## Task directions
In the entries that follow, the line with "Schutt bowling at" opens the range and the line with "4Pcs Flowing Motorcycle" closes it; repeat that range exactly, both lines included.

## Listed entries
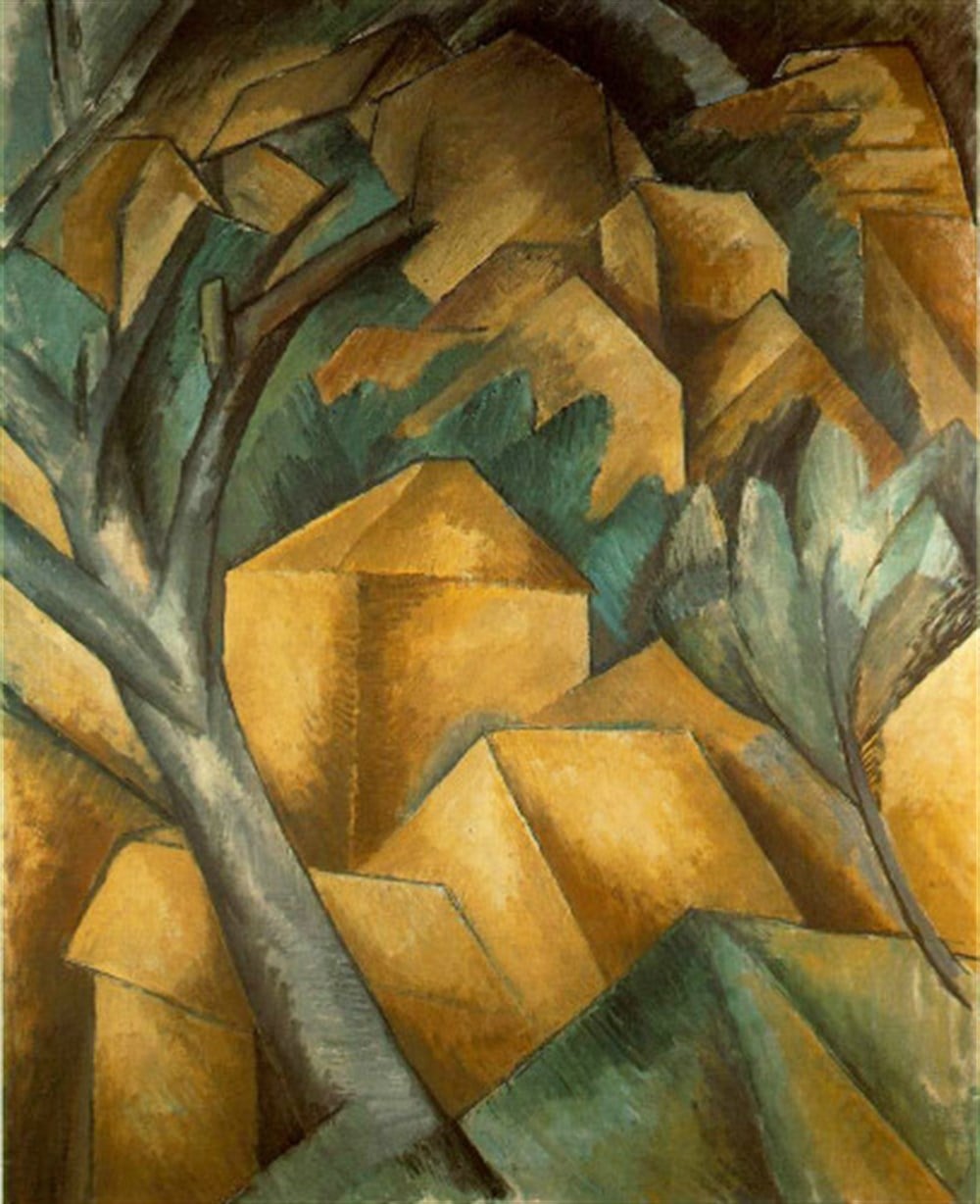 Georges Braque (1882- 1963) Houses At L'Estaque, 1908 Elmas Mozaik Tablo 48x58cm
* * *
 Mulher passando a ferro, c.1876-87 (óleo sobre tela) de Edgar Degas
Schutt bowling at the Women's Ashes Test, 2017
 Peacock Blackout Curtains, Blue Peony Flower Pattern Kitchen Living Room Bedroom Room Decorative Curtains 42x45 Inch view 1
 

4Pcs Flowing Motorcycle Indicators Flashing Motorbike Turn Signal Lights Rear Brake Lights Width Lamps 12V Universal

## Written response
Schutt bowling at the Women's Ashes Test, 2017
 Peacock Blackout Curtains, Blue Peony Flower Pattern Kitchen Living Room Bedroom Room Decorative Curtains 42x45 Inch view 1
 

4Pcs Flowing Motorcycle Indicators Flashing Motorbike Turn Signal Lights Rear Brake Lights Width Lamps 12V Universal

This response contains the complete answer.